EXERCISE BRIEF: Print the lines in the listing below starting at the line with "OCAZIE!!! Închiriez apartament" and ending at the line with "Wahacz Tyl Guma", both included. Reproduce them exactly and omit every picture.

RECORDED INFORMATION:
Segment Open

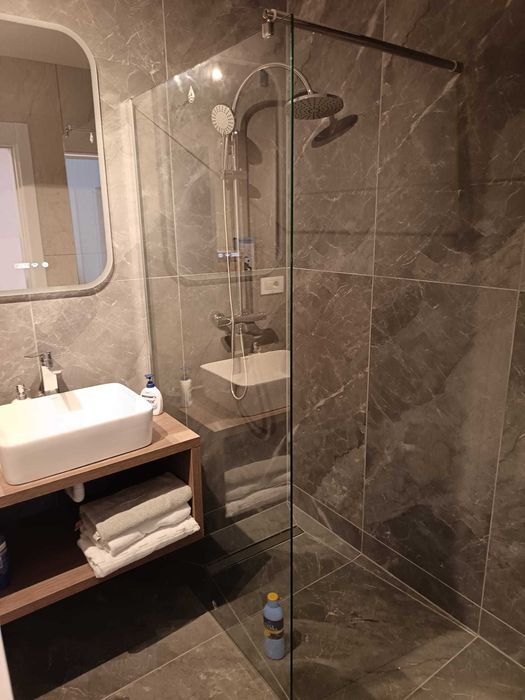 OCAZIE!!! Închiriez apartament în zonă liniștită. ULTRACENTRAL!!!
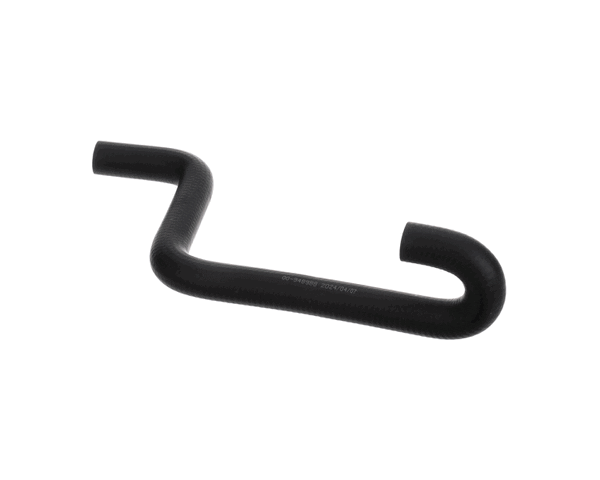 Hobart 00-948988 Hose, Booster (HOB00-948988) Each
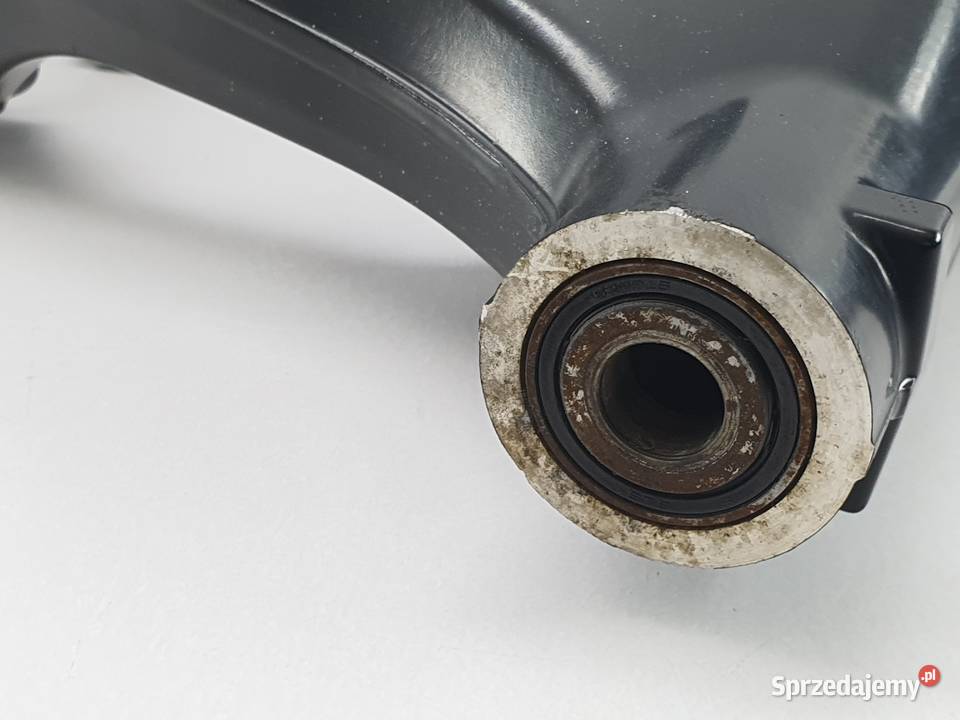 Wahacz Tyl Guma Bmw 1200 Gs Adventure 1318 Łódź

Segment Closed
Segment Open

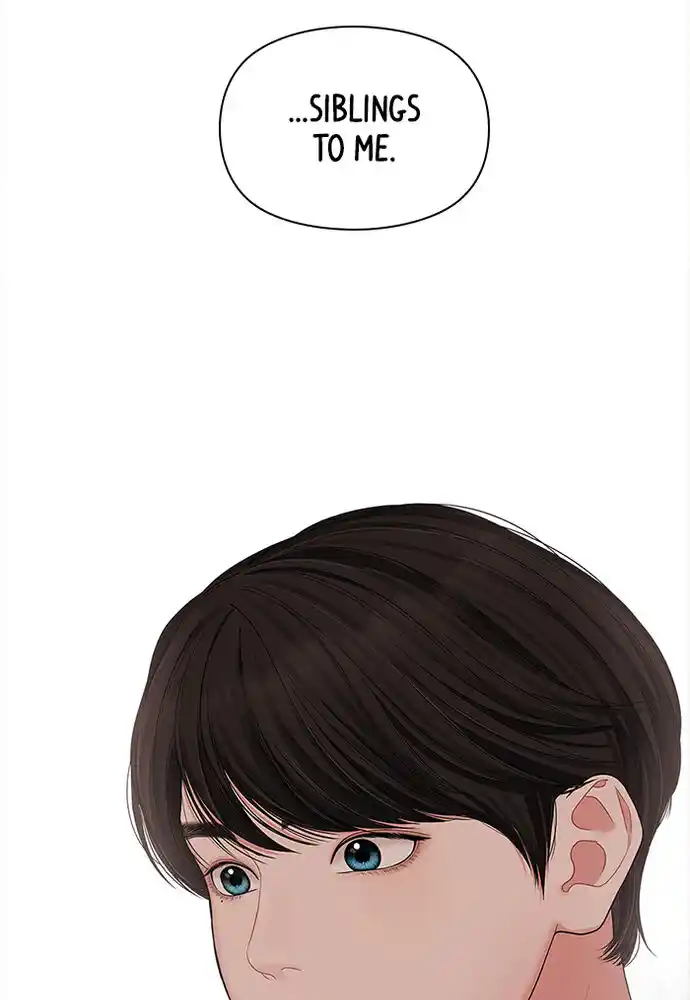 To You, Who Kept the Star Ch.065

Segment Closed
Segment Open

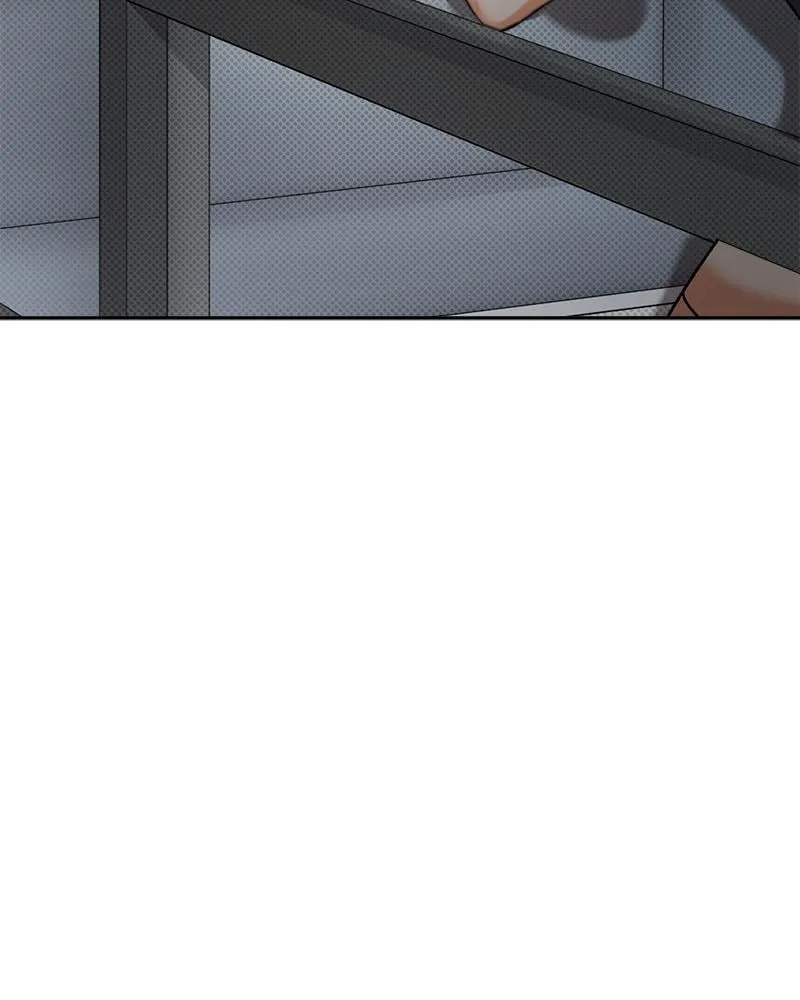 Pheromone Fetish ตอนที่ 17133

Segment Closed

SOLUTION TO THE EXERCISE:
 OCAZIE!!! Închiriez apartament în zonă liniștită. ULTRACENTRAL!!!
 Hobart 00-948988 Hose, Booster (HOB00-948988) Each
 Wahacz Tyl Guma Bmw 1200 Gs Adventure 1318 Łódź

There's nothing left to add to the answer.